Please print the listing that follows word for word, but skip any pictures it holds.

- PROVIDED DATA
-----
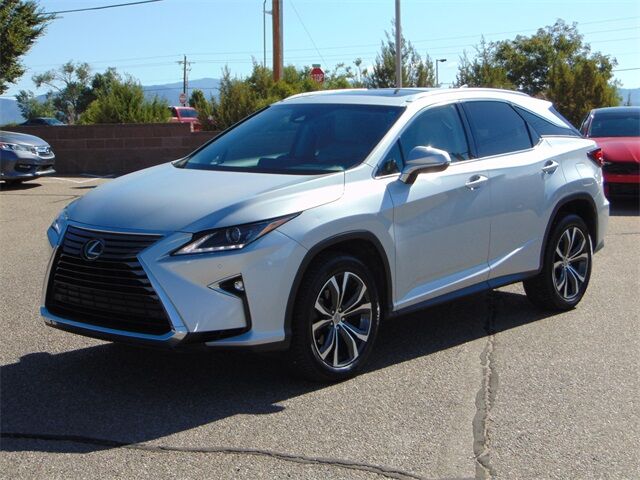 2017 Lexus RX 350 Santa Fe NM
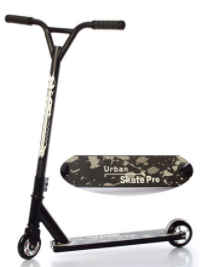 

Самокат Bambi SR 2-073 Черный (SL00678)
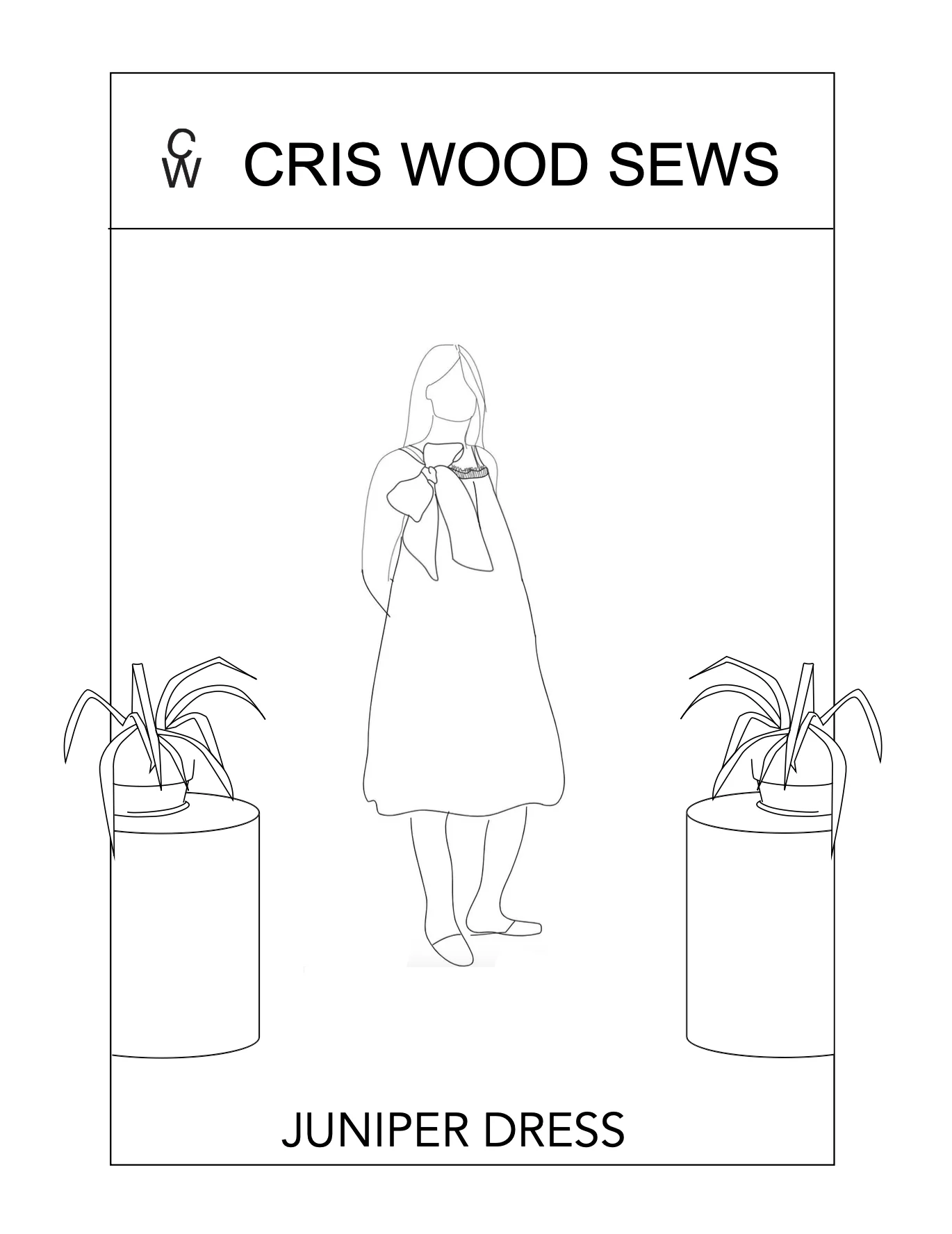 Cris Wood Sews Juniper Dress PDF - Image 7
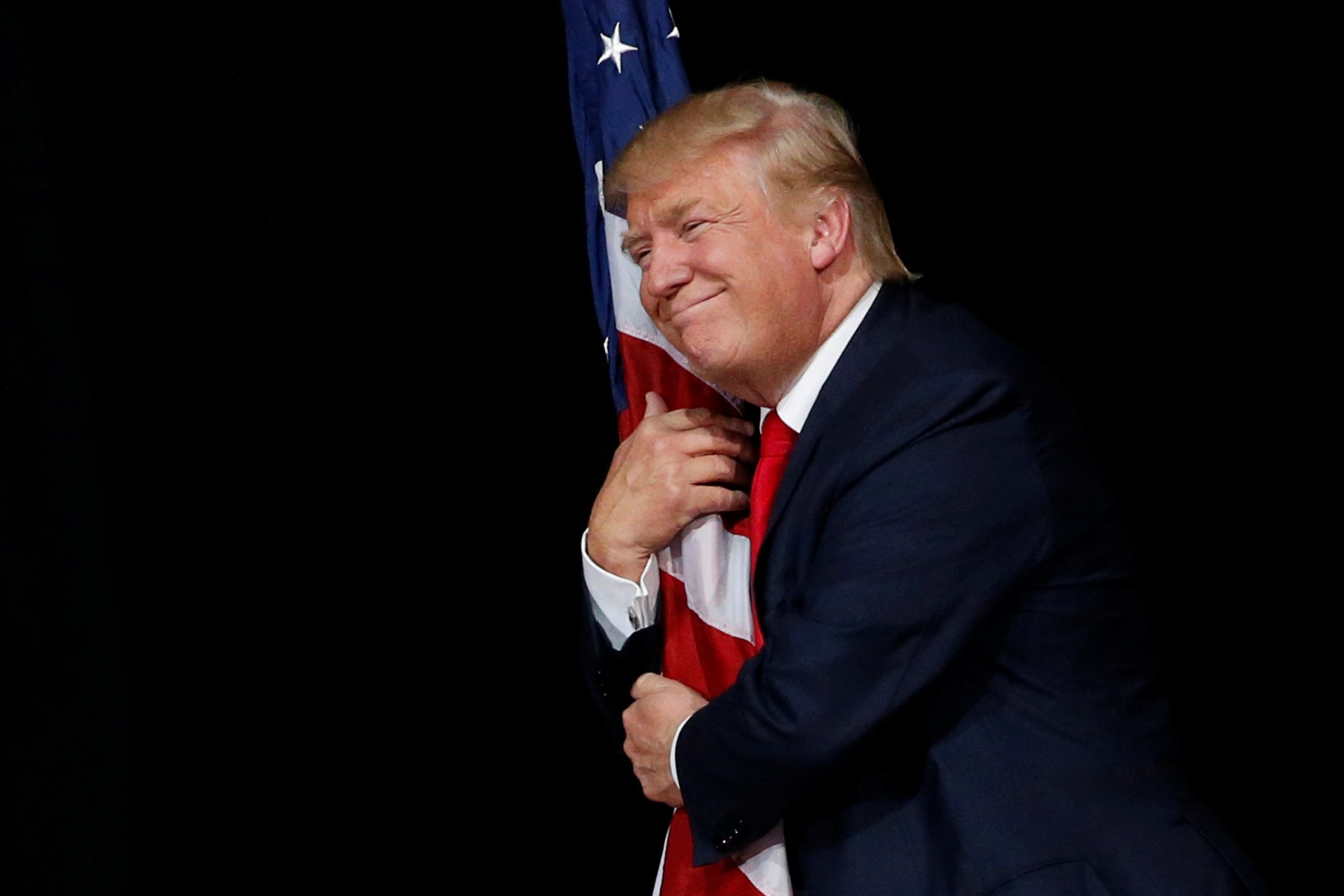 Pendirian Trump Terhadap Ekonomi AS Masih Lagi Menjadi Tanda Tanya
-----
- WRITTEN RESPONSE
 2017 Lexus RX 350 Santa Fe NM

Самокат Bambi SR 2-073 Черный (SL00678)
 Cris Wood Sews Juniper Dress PDF - Image 7
 Pendirian Trump Terhadap Ekonomi AS Masih Lagi Menjadi Tanda Tanya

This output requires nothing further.